Regia di Gianni Di Gregorio vedi scheda film
La legge Fornero incastra Gianni, a 6 mesi dalla pensione. Non solo deve lavorare per altre 3 anni, ma deve anche cambiare sede, spostandosi in periferia. L’occasione è buona per la ex moglie, per cacciarlo anche di casa, liberando così l’abitazione alla figlia. Per Gianni comincia una nuova vita, in cui cambia tutto: colleghi, capoufficio, casa, tenore di vita. La ricaduta sul fisico è evidente, tanto che Raffaele, il nuovo compagno dell’ex moglie, gli dà qualche consiglio per riprendersi la vita. Gianni ne farà tesoro, coinvolgendo nella sua rivincita anche il suo clone giovane, il collega Marco.
La principale peculiarità di “Buoni a nulla” a ben guardare è anche il suo limite. Il film di Gianni di Gregorio, maturo regista romano alle prese con la sua terza fatica, ammanta la sceneggiatura di una leggerezza ed una delicatezza invidiabili. Niente turpiloquio, battute pulite ed efficaci, lentezza dei ritmi, un cast che la TV l’ha vista soltanto da lontano, pochi moralismi, tanta sostanza. Peccato che il tutto si risolva in una debolissima prova complessiva, nella quale si affrontano tutte le tematiche in maniera superficiale e per nulla incisiva. I fili che compongono la trama sono decisamente deboli, spesso addirittura solo abbozzati: per esempio, Gianni consuma la sua metamorfosi (da vittima sociale a furbetto del quartiere) in 2 minuti di film e diventa maestro di cattiveria con l’allievo Marco in ancora meno tempo. Anche le vendette, da cui si potevano trarre le maggiori gag comiche, risultano flebili e mal sfruttate. Molte scene sono come abbozzate, quasi come se nemmeno chi ha scritto la sceneggiatura ci credesse veramente.
All’inizio del film, i dialoghi rarefatti, l’assenza di attori famosi e la musica improntata sull’uso della fisarmonica, quasi lo fanno confondere con una di quelle commediole francesi a buon mercato, fatte di idee travolgenti e tempi comici folgoranti. Pian piano però, da un clone di Dany Boon, l’opera di Di Gregorio si trasforma in una pellicola che pare scritta a quattro mani da Nanni Moretti e Patrice Leconte.
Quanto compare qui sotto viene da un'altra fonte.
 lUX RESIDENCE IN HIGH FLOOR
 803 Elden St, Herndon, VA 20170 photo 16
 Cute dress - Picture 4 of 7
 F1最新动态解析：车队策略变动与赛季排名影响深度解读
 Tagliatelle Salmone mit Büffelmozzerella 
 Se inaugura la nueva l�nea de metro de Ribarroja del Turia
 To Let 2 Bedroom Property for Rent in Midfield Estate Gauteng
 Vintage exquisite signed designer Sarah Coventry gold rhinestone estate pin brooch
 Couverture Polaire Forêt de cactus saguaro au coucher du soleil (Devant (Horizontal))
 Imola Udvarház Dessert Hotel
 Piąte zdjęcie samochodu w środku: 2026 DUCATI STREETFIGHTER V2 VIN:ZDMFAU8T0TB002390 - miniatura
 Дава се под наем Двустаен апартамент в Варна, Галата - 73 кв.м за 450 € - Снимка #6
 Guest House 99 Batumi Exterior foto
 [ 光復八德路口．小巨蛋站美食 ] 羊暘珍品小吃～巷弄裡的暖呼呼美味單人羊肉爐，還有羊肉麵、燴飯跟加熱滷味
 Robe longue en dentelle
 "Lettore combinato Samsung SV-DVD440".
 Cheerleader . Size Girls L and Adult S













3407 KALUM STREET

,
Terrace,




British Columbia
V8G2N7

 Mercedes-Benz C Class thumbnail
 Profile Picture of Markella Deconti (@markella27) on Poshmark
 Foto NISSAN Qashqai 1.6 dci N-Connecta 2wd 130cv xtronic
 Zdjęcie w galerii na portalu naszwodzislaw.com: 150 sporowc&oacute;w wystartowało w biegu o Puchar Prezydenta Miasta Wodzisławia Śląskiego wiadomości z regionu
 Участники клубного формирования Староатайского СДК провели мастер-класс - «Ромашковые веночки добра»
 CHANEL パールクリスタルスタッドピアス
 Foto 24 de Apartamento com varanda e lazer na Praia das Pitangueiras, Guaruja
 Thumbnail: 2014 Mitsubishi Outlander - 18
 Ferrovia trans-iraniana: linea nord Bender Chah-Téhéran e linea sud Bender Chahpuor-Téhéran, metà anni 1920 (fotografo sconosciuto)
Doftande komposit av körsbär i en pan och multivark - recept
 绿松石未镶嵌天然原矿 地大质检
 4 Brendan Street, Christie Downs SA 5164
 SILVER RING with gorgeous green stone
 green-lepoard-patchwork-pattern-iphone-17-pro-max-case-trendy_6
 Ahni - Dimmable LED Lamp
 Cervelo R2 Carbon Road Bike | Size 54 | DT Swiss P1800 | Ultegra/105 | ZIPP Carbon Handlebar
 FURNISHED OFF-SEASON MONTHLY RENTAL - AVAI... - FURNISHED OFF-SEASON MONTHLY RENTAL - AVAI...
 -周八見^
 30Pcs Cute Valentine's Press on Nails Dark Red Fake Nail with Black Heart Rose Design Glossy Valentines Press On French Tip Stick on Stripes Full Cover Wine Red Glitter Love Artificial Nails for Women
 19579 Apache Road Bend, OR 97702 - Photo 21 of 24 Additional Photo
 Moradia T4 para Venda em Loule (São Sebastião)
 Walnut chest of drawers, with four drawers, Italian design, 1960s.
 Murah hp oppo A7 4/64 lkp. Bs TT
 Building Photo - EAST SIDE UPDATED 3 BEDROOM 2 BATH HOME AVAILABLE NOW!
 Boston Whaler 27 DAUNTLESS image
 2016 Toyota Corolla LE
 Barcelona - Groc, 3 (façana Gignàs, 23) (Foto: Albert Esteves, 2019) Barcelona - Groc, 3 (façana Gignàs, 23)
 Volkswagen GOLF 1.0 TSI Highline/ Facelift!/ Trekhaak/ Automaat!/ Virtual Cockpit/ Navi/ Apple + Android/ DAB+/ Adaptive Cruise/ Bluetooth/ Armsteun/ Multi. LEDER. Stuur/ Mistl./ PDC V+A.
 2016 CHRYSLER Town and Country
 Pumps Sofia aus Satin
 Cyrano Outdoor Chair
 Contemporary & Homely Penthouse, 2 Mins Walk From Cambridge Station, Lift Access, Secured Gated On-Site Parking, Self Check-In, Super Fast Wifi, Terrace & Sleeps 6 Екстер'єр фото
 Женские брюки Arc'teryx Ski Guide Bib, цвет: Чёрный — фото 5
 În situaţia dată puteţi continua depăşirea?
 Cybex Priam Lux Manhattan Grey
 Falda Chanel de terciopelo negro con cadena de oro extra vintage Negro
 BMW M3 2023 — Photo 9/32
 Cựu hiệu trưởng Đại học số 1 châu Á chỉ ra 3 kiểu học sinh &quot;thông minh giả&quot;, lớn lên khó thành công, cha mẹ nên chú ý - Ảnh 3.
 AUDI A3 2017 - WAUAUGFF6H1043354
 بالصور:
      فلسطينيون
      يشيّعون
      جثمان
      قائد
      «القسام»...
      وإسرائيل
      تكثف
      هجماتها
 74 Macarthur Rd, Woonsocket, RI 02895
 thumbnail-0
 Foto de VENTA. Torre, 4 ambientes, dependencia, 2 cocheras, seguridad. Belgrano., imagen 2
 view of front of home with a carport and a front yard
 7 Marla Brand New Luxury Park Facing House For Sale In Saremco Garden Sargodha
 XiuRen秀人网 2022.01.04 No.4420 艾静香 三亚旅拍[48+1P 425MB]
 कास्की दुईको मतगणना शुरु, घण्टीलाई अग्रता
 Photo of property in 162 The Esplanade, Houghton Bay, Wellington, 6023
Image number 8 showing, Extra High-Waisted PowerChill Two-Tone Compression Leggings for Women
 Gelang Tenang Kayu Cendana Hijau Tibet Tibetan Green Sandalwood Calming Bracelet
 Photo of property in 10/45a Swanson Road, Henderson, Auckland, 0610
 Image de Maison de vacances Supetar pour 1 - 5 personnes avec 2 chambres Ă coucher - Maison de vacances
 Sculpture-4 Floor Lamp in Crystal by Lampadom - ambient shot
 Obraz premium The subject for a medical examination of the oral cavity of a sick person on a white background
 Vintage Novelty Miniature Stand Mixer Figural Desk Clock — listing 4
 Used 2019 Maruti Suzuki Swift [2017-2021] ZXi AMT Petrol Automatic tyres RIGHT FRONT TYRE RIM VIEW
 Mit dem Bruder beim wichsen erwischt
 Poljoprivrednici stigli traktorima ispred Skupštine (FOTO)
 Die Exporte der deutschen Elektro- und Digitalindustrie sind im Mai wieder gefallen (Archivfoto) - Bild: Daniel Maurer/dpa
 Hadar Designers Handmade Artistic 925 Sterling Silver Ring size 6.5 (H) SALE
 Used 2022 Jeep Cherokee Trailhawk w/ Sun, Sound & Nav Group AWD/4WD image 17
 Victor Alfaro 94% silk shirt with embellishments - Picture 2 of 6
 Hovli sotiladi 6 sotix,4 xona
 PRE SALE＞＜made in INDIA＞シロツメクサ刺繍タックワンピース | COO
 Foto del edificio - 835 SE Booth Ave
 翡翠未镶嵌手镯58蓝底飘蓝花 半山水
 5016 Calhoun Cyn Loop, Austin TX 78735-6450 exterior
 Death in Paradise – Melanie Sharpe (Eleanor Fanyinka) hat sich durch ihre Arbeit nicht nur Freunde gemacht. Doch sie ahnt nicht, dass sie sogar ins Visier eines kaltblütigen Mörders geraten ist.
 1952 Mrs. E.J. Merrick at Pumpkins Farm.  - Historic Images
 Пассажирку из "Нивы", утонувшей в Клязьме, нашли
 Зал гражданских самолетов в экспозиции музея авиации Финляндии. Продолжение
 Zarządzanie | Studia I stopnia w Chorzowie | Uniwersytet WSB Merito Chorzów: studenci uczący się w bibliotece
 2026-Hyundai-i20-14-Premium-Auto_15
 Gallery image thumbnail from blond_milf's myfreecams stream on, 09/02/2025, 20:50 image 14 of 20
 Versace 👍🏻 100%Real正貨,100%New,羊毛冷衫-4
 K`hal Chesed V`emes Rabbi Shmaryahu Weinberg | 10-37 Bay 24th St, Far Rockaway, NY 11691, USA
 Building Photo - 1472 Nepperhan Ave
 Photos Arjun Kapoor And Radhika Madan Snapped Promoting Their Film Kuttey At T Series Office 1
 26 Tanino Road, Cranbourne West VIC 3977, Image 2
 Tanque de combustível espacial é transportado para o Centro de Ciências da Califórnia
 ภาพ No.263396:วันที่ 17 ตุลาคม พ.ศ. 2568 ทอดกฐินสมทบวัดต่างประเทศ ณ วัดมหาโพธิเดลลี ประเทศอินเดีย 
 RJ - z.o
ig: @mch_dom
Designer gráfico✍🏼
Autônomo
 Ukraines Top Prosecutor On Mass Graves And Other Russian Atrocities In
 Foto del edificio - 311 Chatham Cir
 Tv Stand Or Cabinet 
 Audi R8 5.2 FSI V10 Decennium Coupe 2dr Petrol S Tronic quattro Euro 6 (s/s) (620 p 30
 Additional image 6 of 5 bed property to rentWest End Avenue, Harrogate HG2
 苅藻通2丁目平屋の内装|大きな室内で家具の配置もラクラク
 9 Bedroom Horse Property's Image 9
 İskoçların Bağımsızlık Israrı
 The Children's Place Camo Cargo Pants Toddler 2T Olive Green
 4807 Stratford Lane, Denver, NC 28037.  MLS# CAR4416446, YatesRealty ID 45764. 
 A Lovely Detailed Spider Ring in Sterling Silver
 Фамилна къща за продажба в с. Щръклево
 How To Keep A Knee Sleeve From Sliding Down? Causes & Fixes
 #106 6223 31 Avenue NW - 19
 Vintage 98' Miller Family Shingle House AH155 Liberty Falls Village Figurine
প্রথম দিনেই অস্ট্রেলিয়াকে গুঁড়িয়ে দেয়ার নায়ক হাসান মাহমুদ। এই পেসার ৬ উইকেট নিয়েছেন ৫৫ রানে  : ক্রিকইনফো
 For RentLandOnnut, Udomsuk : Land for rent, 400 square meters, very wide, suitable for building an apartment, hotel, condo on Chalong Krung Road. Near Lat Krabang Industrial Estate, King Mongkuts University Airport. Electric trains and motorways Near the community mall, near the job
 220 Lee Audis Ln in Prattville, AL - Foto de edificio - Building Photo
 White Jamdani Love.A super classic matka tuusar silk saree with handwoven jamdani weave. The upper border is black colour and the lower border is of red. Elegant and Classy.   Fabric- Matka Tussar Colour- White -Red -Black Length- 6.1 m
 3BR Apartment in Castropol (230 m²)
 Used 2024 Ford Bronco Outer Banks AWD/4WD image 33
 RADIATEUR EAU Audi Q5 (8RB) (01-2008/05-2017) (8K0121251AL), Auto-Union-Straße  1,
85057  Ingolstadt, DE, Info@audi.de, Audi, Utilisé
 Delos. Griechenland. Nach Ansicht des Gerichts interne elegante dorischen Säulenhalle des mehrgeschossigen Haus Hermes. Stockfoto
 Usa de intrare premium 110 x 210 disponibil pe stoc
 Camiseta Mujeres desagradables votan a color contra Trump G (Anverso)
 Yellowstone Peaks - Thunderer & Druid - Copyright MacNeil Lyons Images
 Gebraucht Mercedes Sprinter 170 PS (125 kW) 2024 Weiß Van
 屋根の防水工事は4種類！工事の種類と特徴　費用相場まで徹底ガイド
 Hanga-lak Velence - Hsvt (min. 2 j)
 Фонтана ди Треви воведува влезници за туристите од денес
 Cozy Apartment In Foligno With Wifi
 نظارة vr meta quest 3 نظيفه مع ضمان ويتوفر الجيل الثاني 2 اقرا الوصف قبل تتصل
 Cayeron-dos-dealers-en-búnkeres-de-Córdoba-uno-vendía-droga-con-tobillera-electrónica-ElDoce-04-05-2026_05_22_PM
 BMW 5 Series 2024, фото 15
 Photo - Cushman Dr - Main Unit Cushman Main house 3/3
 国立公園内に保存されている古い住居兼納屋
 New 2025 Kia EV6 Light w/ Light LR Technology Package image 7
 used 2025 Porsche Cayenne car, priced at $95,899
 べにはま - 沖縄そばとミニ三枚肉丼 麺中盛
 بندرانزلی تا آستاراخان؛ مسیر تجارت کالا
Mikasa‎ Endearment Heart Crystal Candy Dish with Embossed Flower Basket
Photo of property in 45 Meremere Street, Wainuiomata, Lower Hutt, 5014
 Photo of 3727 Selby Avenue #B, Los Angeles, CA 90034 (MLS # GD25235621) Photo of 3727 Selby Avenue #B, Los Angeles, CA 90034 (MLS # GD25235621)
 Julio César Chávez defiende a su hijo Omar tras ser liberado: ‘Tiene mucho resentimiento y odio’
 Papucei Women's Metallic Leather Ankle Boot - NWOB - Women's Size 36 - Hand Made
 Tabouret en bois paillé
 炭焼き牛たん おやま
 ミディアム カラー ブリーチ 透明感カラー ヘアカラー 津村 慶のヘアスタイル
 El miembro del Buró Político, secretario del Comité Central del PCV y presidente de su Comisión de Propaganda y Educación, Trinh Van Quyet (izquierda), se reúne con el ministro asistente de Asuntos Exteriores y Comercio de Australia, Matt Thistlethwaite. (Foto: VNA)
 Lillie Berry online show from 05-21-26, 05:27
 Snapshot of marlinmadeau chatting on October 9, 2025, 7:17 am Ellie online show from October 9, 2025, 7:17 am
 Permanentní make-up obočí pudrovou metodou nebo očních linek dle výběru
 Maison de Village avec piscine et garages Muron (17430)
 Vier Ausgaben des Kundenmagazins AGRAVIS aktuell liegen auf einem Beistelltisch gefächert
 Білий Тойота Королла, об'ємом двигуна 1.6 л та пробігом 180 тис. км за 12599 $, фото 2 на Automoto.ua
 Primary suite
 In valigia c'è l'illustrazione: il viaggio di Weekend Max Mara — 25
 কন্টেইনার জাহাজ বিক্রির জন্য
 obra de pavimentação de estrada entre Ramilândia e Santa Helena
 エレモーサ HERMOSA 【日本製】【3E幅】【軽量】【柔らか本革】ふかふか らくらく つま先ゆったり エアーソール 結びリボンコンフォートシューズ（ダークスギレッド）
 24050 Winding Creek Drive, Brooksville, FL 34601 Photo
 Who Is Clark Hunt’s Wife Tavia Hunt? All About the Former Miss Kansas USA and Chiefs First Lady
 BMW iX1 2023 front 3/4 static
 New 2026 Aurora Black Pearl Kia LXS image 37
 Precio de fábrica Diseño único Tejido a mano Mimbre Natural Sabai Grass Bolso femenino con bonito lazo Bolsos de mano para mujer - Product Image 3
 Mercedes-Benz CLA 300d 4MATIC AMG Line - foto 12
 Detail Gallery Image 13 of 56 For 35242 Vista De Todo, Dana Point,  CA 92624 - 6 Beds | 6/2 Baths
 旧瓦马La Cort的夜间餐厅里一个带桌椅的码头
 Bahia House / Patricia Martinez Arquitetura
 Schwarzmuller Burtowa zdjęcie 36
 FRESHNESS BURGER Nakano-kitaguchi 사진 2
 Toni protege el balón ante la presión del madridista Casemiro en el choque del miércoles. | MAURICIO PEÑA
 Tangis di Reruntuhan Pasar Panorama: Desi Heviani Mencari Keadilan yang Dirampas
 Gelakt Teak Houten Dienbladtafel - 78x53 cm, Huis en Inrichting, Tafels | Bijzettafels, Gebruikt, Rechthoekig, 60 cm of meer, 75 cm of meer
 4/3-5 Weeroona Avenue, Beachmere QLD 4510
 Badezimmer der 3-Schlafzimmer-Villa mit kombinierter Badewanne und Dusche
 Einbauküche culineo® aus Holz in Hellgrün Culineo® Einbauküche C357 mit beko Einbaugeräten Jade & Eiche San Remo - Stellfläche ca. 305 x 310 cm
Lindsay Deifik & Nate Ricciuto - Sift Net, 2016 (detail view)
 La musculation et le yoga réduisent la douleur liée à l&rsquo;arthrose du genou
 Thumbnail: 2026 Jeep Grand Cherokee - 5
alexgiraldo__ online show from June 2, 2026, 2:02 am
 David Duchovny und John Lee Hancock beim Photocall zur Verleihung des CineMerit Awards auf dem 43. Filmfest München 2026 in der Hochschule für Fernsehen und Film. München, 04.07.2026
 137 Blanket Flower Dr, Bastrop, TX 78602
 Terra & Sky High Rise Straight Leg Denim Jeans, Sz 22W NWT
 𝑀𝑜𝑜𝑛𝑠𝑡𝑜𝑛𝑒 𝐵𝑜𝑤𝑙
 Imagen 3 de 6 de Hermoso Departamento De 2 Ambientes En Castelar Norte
Purtroppo ciò che resta del film è la scarsa credibilità del protagonista e delle sue azioni, un mix che fa poca presa sullo spettatore, che del film può apprezzare esclusivamente l’intento di fare un tipo di commedia diversa, considerate le odierne derive corali e nazional popolari tutte uguali a se stesse che hanno portato alla rovina il genere italiano per antonomasia. Tuttavia, se l’alternativa ai film di Brizzi o Veronesi, con la Angiolini, Paolo Ruffini o Fabio De Luigi, devono essere le situazioni impalpabili ed inverosimili alla base di “Buoni a nulla”, conviene rimettersi a cercare perché l’alternativa valida a questa commedia stereotipata non l’abbiamo ancora trovata.